FDG PET is an established technique in neurology, oncology and cardiology [26]. 18F-FDG is excreted through the urinary system [27]. Hence, 18F-FDG excretion may be reduced in patient with CKD. Moreover, the kidneys play an important role in glucose homeostasis [28]. Laffon et al.[29] created a theoretic model to assess 18F-FDG uptake in a patient with renal failure. Their model showed that in case of severe renal failure, it takes longer to excrete the tracer, the tracer activity maximizes later and the tissue uptake is greater. We observed a significantly higher venous background activity in patients with CKD compared to match controls and a negative correlation between eGFR and venous SUV activity. Although the observed differences were significant the absolute difference in venous activity between CKD patients and matched controls was limited. Several possible reasons for the limited magnitude are: limited time between image acquisition and tracer injection, moderate CKD severity and effect of CKD on insulin sensitivity. SAT and muscle background SUV were similar between CKD patients and controls, and as such are better suited as a background-corrected SUV measure.

Limitations

The majority of participants had a prior history of treated cancer, which may limit the generalizability of our findings.
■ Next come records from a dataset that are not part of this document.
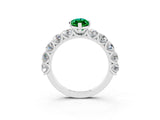 White gold Marquise Cut Emerald Prong Setting with Side Stones on a Pave Band_3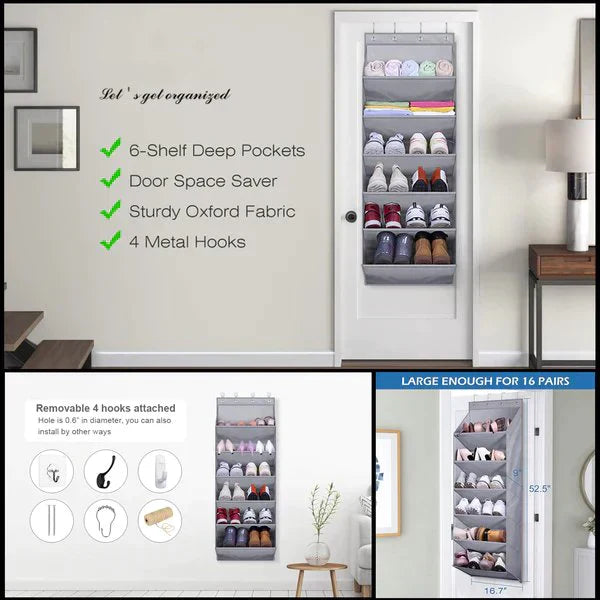 4 Compartments Over The Door Hanging Organizer.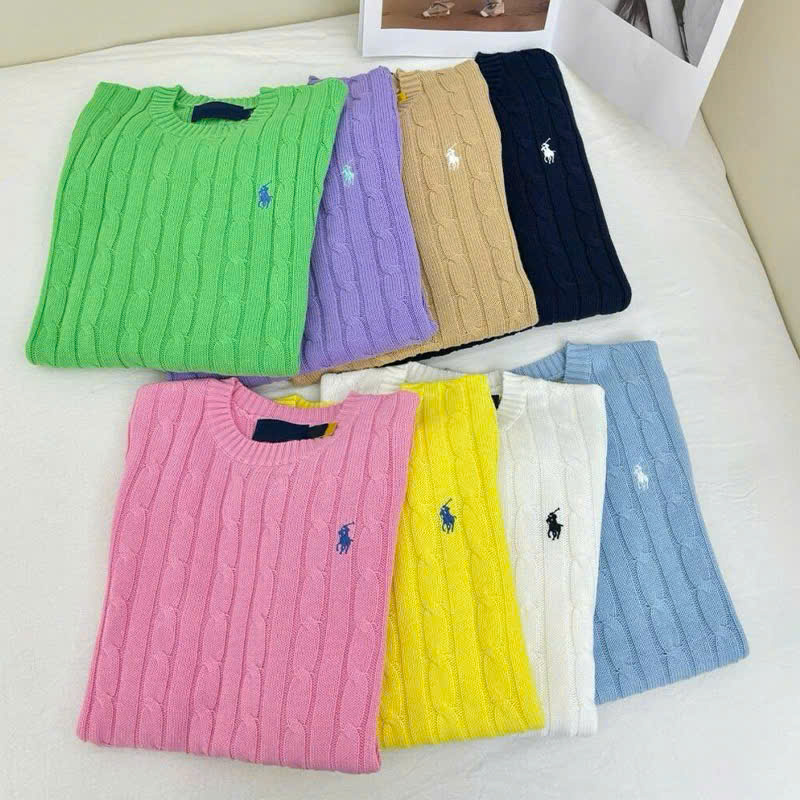 Áo len Polo  RL cổ tròn ngắn tay vặn thừng nhỏ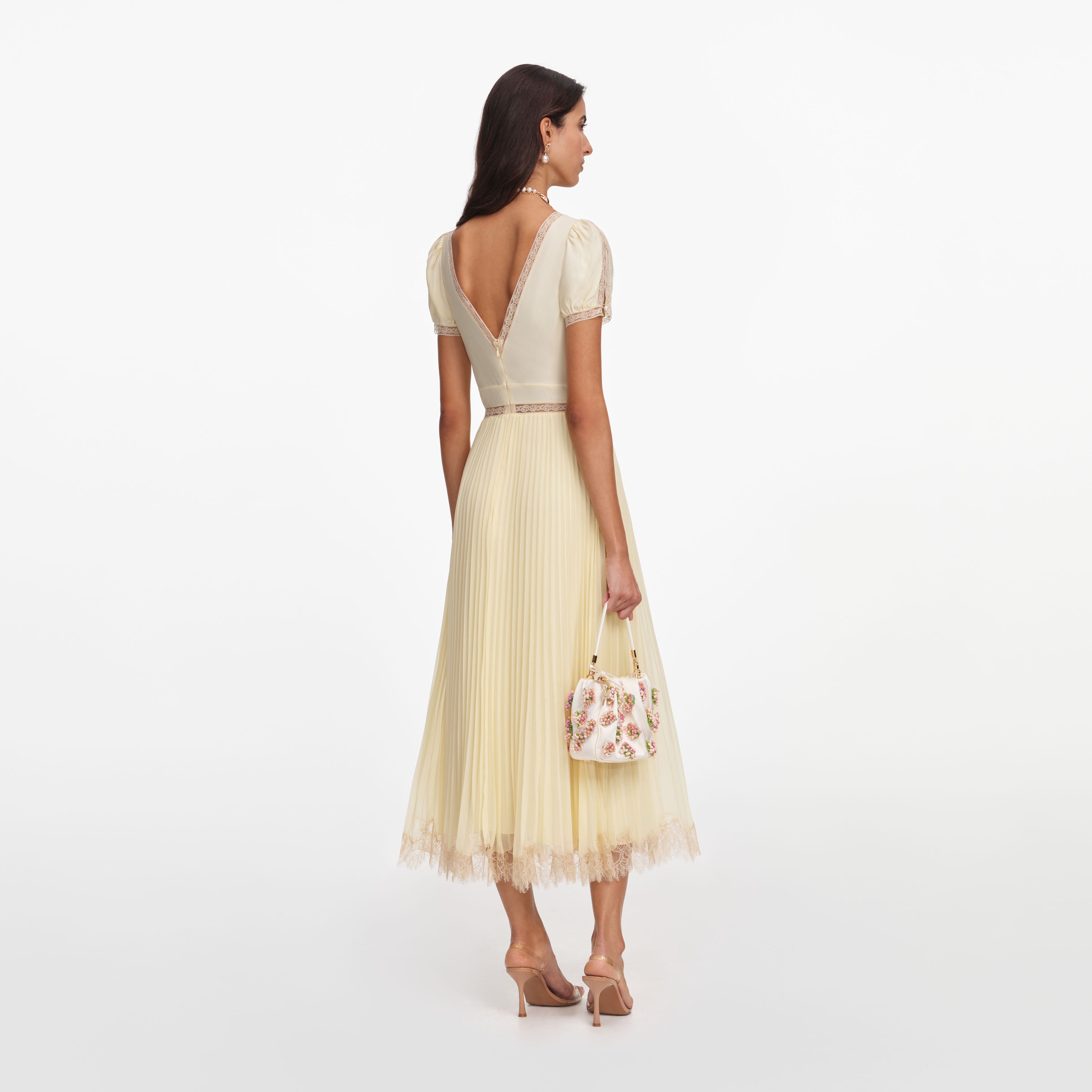 self portrait オフショルダーレースドレス Yellow Viscose Pleated Lace Midi Dress – self-portrait-US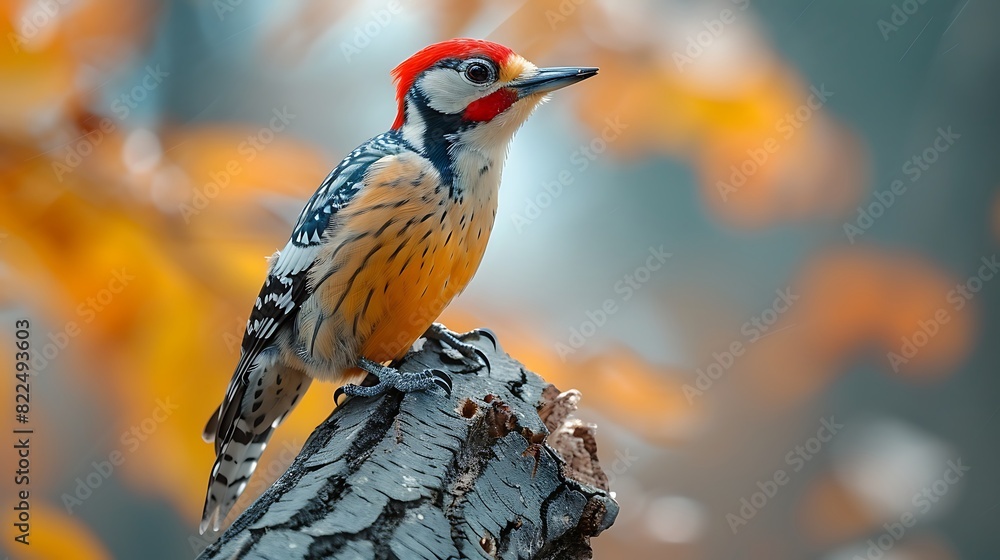 A colorful woodpecker perched on the trunk of an old oak tree, its vibrant plumage a striking contrast against the rough bark. A colorful woodpecker perched on the trunk of an old oak tree, its vibrant plumage a striking contrast against the rough bark.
The retrospective case-control study design does not allow us to infer causal relations and we can only speculate on the underlying mechanisms that drive the observed differences. We were also dependent on chart review for data collection, which can results in observational bias. Also, the population size is modest and the evaluations of the relationships between CKD and FDG activity were exploratory in nature. Finally, the cohort of patients with mild CKD disease (Stage 3), had significant higher prevalence of hypertension, diabetes mellitus and a higher mean BMI, which could potentially contribute to the observed difference in arterial inflammation. However, it is also worth noting that despite these small differences in single risk variables, the FRS did not differ between CKD and control groups. Furthermore, analysis of coronary artery calcium (CAC) demonstrated that there was no significant between-group difference in the presence of sub-clinical atherosclerosis. Moreover, when the analysis was repeated in the subset of individuals without evident subclinical CAD (those without any CAC), individuals with CKD still had higher arterial inflammation.

Conclusion

CKD is associated with increased arterial inflammation beyond that of controls. Current risk stratification tools may underestimate presence of atherosclerosis in patients with CKD. Prospective cohort studies are required to evaluate whether attenuation of the arterial inflammatory process will decrease cardiovascular events in CKD.

Acknowledgments

FUNDING SOURCES

F. Hoffmann-La Roche Ltd., Switzerland

Abbreviations

CKD
Chronic Kidney Disease
CT
Computed Tomography
FDG
18F-fluorodeoxyglucose
PET
positron emission tomography

Footnotes

DISCLOSURES

Jessica Mann, Robert A. Comley and Chek Ing Kiu Weber were employed by, and owned stock in, the pharmaceutical company F. Hoffmann-La Roche Ltd., Basel, Switzerland at the time of study conduct. All other authors have reported that they have no relationships relevant to the contents of this paper to disclose.

Statement of human rights

All procedures performed were in accordance with the ethical standards of the institutional and national research committee and with the 1964 Helsinki Declaration and its later amendments or comparable ethical standards. For this type of study, formal consent is not required.